The test cases are a series of char
arrays with particular strings to test the findNextWord()
method of the RetVal
struct/class.
char line1[] = "this is1 a line. \t of text \n "; // multiple white spaces
char line2[] = "another line"; // string that ends with zero terminator, no newline
char line3[] = "\n"; // line with newline only
char line4[] = ""; // empty string with no text
And here is the actual source code.
#include <iostream>
#include <cstring>
#include <cstring>
struct RetVal {
RetVal(char *p1, char *p2) : pFirst(p1), pLast(p2) {}
RetVal(char *p2 = nullptr) : pFirst(nullptr), pLast(p2) {}
char *pFirst;
char *pLast;
bool findNextWord()
{
if (pLast && *pLast) {
pFirst = pLast;
// scan the input line looking for the first non-space character.
// the isspace() function indicates true for any of the following
// characters: space, newline, tab, carriage return, etc.
while (*pFirst && isspace(*pFirst)) pFirst++;
if (pFirst && *pFirst) {
// we have found a non-space character so now we look
// for a space character or the end of string.
pLast = pFirst;
while (*pLast && ! isspace(*pLast)) pLast++;
}
else {
// indicate we are done with this string.
pFirst = pLast = nullptr;
}
}
else {
pFirst = nullptr;
}
// return value indicates if we are still processing, true, or if we are done, false.
return pFirst != nullptr;
}
};
void printWords(RetVal &x)
{
int iCount = 0;
while (x.findNextWord()) {
char xWord[128] = { 0 };
strncpy(xWord, x.pFirst, x.pLast - x.pFirst);
iCount++;
std::cout << "word " << iCount << " is \"" << xWord << "\"" << std::endl;
}
std::cout << "total word count is " << iCount << std::endl;
}
int main()
{
char line1[] = "this is1 a line. \t of text \n ";
char line2[] = "another line";
char line3[] = "\n";
char line4[] = "";
std::cout << "Process line1[] \"" << line1 << "\"" << std::endl;
RetVal x (line1);
printWords(x);
std::cout << std::endl << "Process line2[] \"" << line2 << "\"" << std::endl;
RetVal x2 (line2);
printWords(x2);
std::cout << std::endl << "Process line3[] \"" << line3 << "\"" << std::endl;
RetVal x3 (line3);
printWords(x3);
std::cout << std::endl << "Process line4[] \"" << line4 << "\"" << std::endl;
RetVal x4(line4);
printWords(x4);
return 0;
}
And here is the output from this program. In some cases the line to be processed has a new line in it which affects the output by performing a new line when printed to the console.

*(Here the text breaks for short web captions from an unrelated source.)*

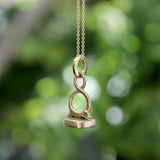 14K Gold Clip-On Bail or Extender for Charms or Pendants Kirsten's Corner 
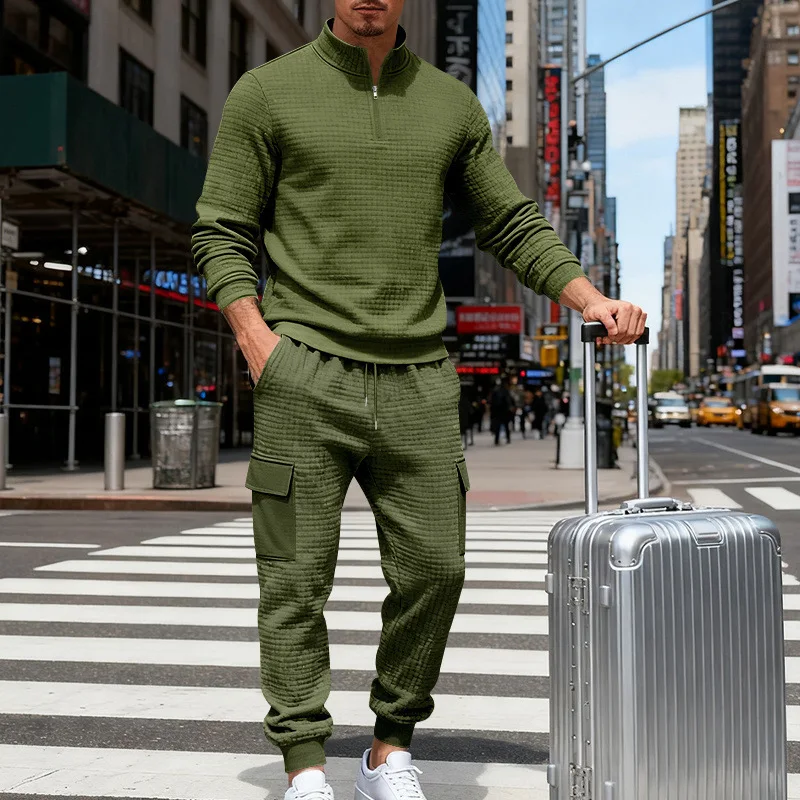 منتجات جديدة من blockbuster للخريف والشتاء للرجال بدلة رياضية فضفاضة للتنقل في الهواء الطلق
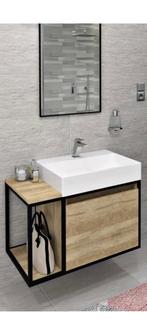 Wastafelmeubel, Huis en Inrichting, Badkamer | Badkamermeubels, Ophalen, Nieuw, 50 tot 100 cm, Minder dan 100 cm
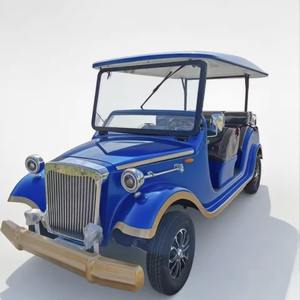 Strada legale vecchia auto d'epoca d'epoca elettrica retrò antico Golf Cart Buggy per le visite turistiche della strada classica auto - Product Image 6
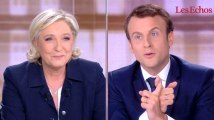 Débat : passes d'armes tendues entre Macron et Le Pen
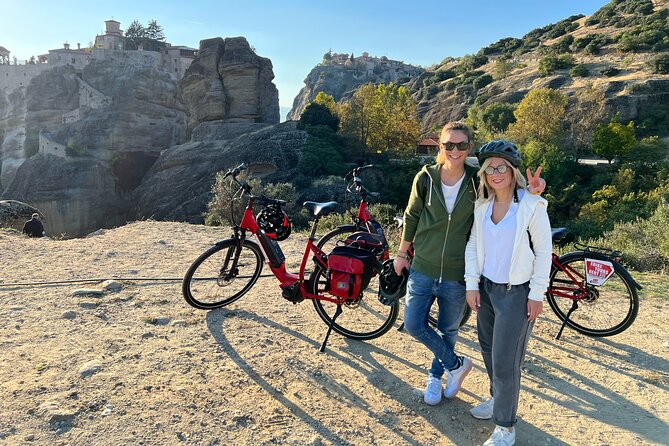 Sunset Meteora Tour on E-Bike - Entering Meteora on an e-bike, not a bus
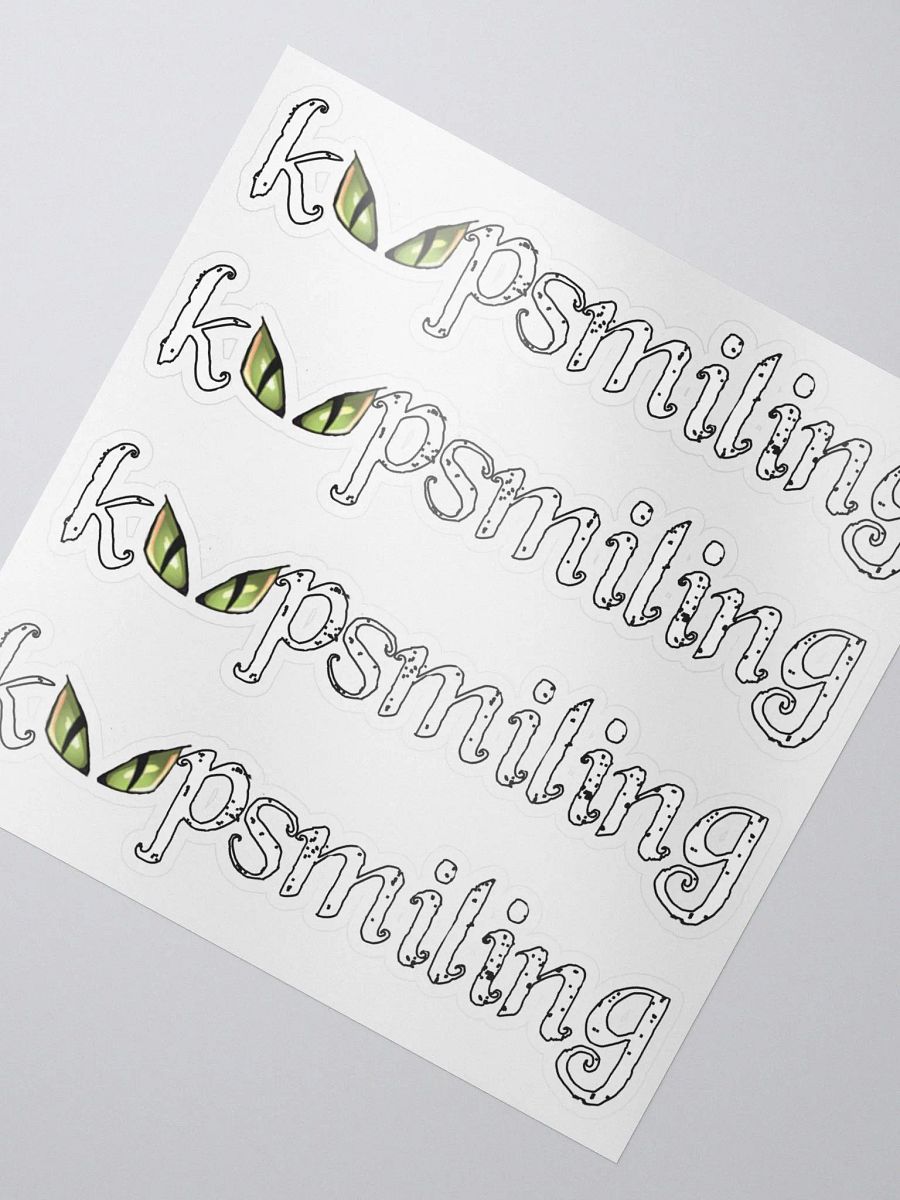 Keep Smiling w/eyes and white text sticker product image (2)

Process line1[] "this is1 a line. of text
"
word 1 is "this"
word 2 is "is1"
word 3 is "a"
word 4 is "line."
word 5 is "of"
word 6 is "text"
total word count is 6
Process line2[] "another line"
word 1 is "another"
word 2 is "line"
total word count is 2
Process line3[] "
"
total word count is 0
Process line4[] ""
total word count is 0
If you need to treat punctuation similar to white space, as something to be ignored, then you can modify the findNextWord()
method to include the ispunct()
test of characters in the loops as in:
bool findNextWord()
{
if (pLast && *pLast) {
pFirst = pLast;
// scan the input line looking for the first non-space character.

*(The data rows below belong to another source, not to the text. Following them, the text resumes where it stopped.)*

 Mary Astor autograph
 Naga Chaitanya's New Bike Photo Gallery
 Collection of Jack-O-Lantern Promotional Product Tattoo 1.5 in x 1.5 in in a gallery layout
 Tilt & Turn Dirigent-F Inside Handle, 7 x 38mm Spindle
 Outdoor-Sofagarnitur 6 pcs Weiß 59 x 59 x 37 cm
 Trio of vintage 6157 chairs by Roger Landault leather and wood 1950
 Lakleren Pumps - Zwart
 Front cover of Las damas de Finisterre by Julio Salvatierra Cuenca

// the isspace() function indicates true for any of the following
// characters: space, newline, tab, carriage return, etc.

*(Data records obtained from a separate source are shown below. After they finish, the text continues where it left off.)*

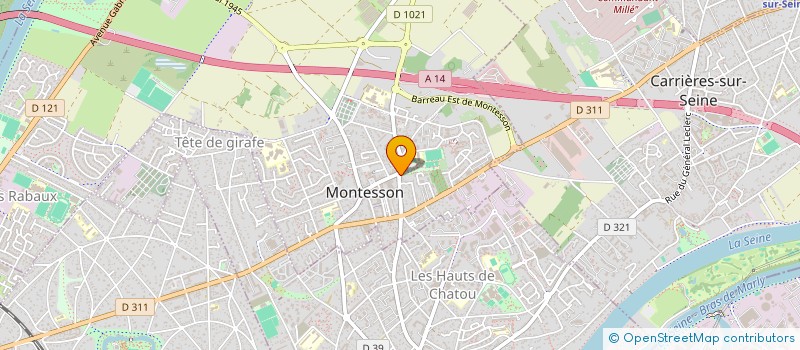 localisation de l'entreprise SCI ENERGIE  MONTESSON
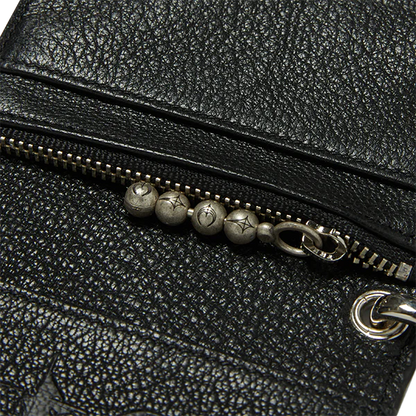 Thug Club Ball Chain Leather Card Case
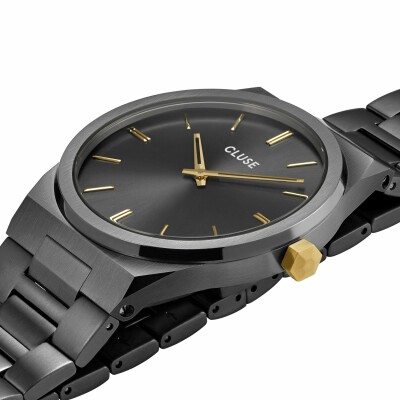 Montre Cluse Vigoureux 40 H-Link, Dark Grey/Gold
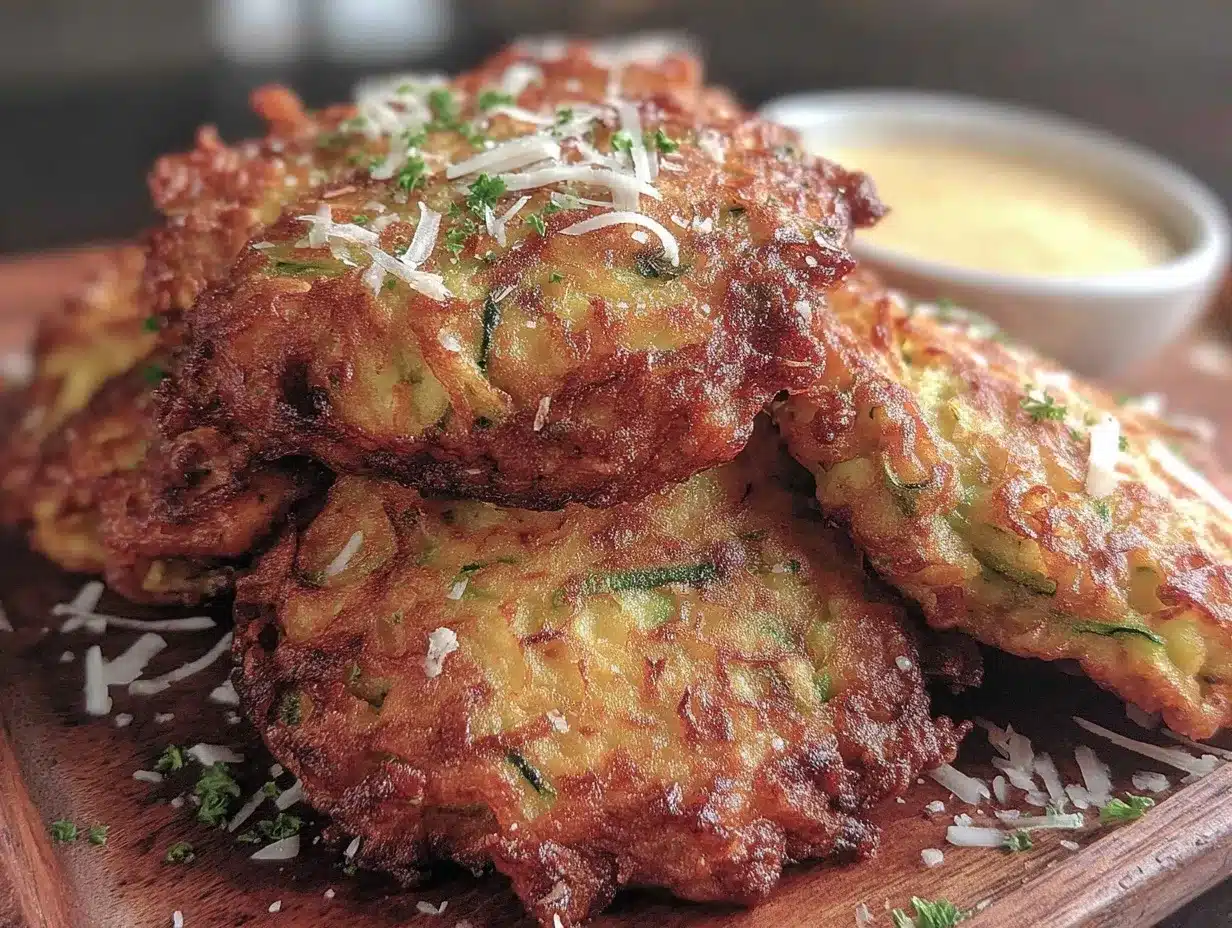 crispy parmesan zucchini fritters preparation steps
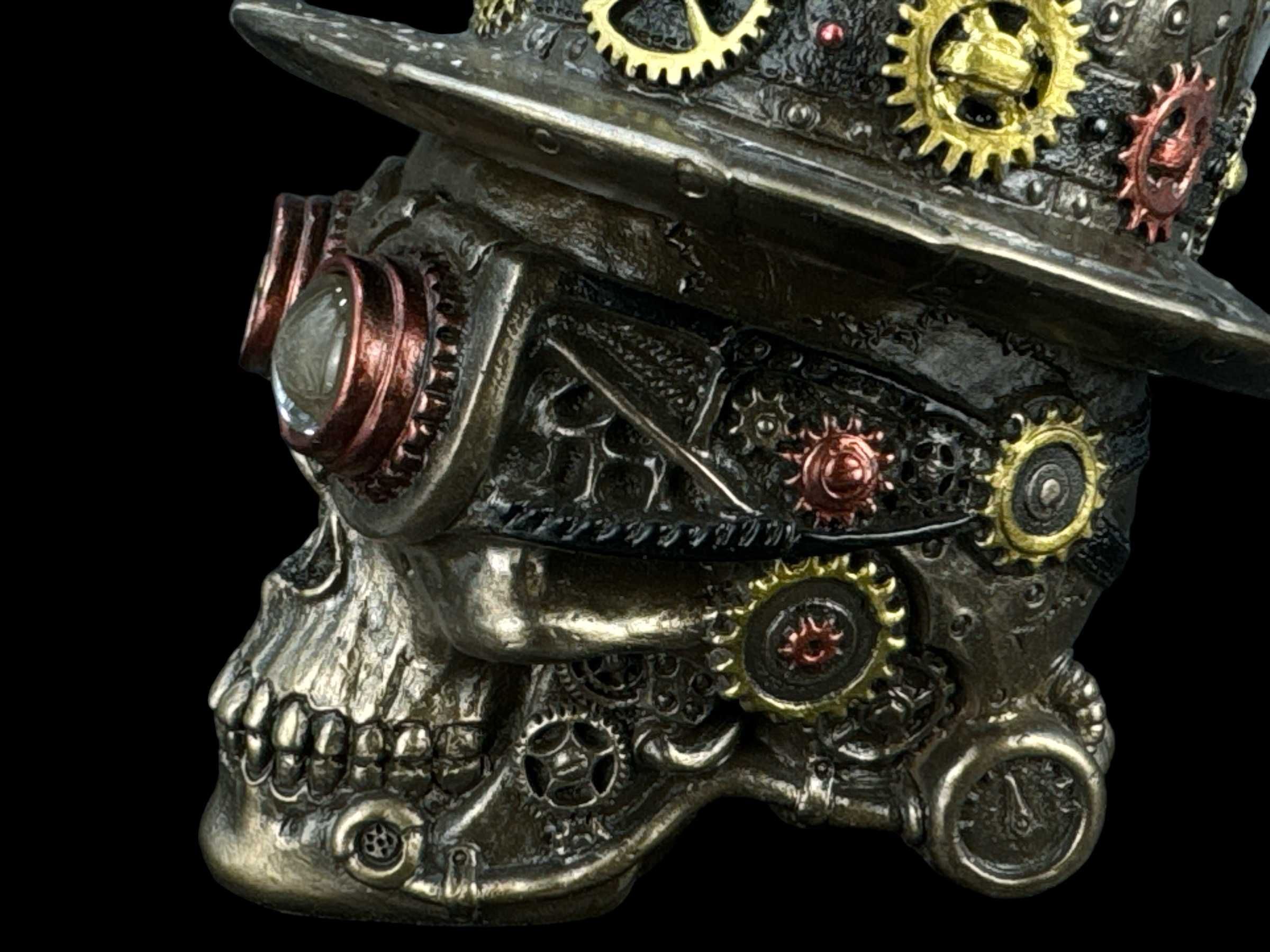 rzeźba figurka Steampunk Czaszka z Cylindrem Veronese WU77638A4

while (*pFirst && (isspace(*pFirst) || ispunct(*pFirst))) pFirst++;
if (pFirst && *pFirst) {
// we have found a non-space character so now we look
// for a space character or the end of string.
pLast = pFirst;
while (*pLast && ! (isspace(*pLast) || ispunct (*pLast))) pLast++;
}
else {
// indicate we are done with this string.
pFirst = pLast = nullptr;
}
}
else {
pFirst = nullptr;
}
// return value indicates if we are still processing, true, or if we are done, false.
return pFirst != nullptr;
}
In general if you need to refine the filters for the beginning and ending of words, you can modify those two places with some other function that looks at a character and classifies it as either a valid character for a word or not.